Top of GIVEN DATA
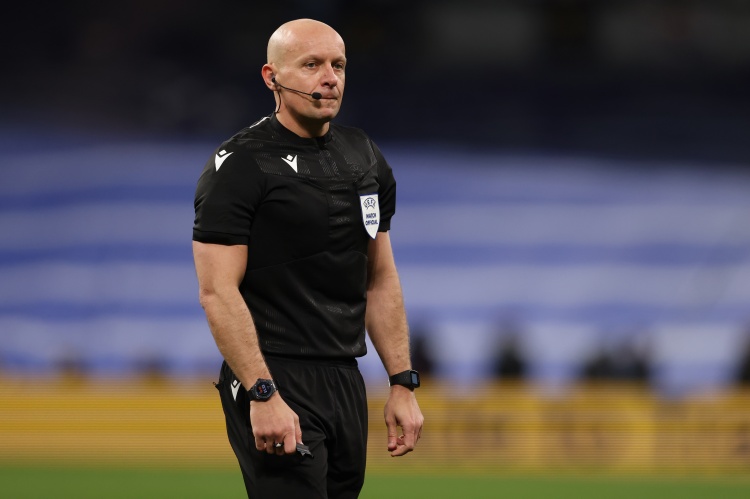 歐足聯(lián)官方：波蘭裁判馬齊尼亞克將執(zhí)法歐國聯(lián)德國主場對陣意大利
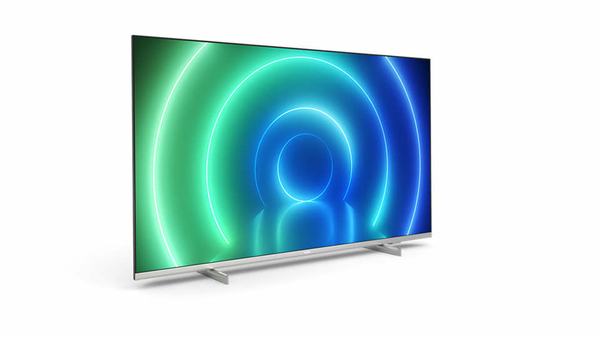 PHILIPS 55&quot; UHD, HDR, P5, SAPHI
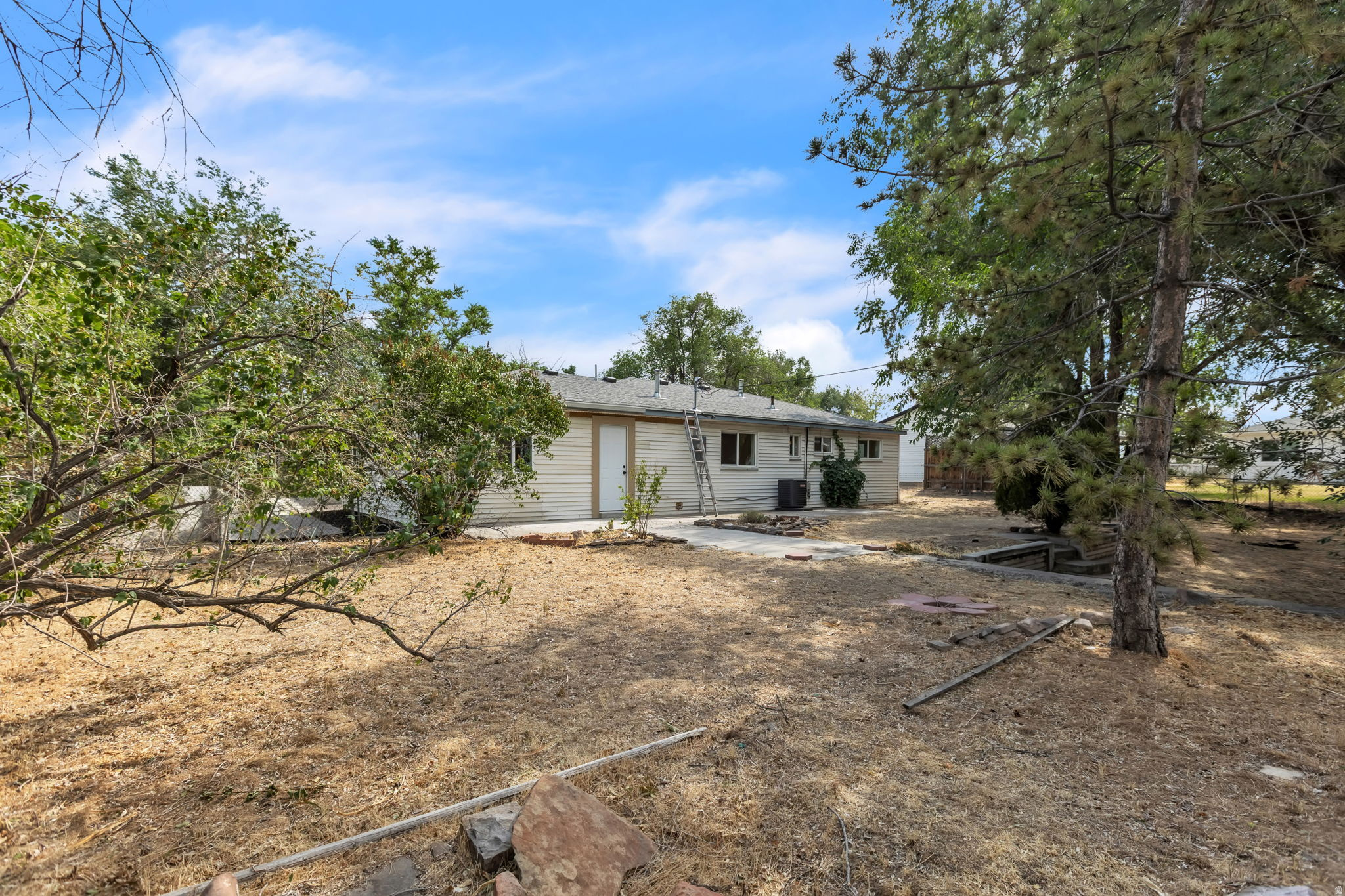 HOFFMAN HEIGHTS - Residential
Bottom of GIVEN DATA
• [TASK TO CARRY OUT]: Write the listing above out again word for word, excluding all images.

• [RESULT OF THE TASK]:
 歐足聯(lián)官方：波蘭裁判馬齊尼亞克將執(zhí)法歐國聯(lián)德國主場對陣意大利
 PHILIPS 55&quot; UHD, HDR, P5, SAPHI
 HOFFMAN HEIGHTS - Residential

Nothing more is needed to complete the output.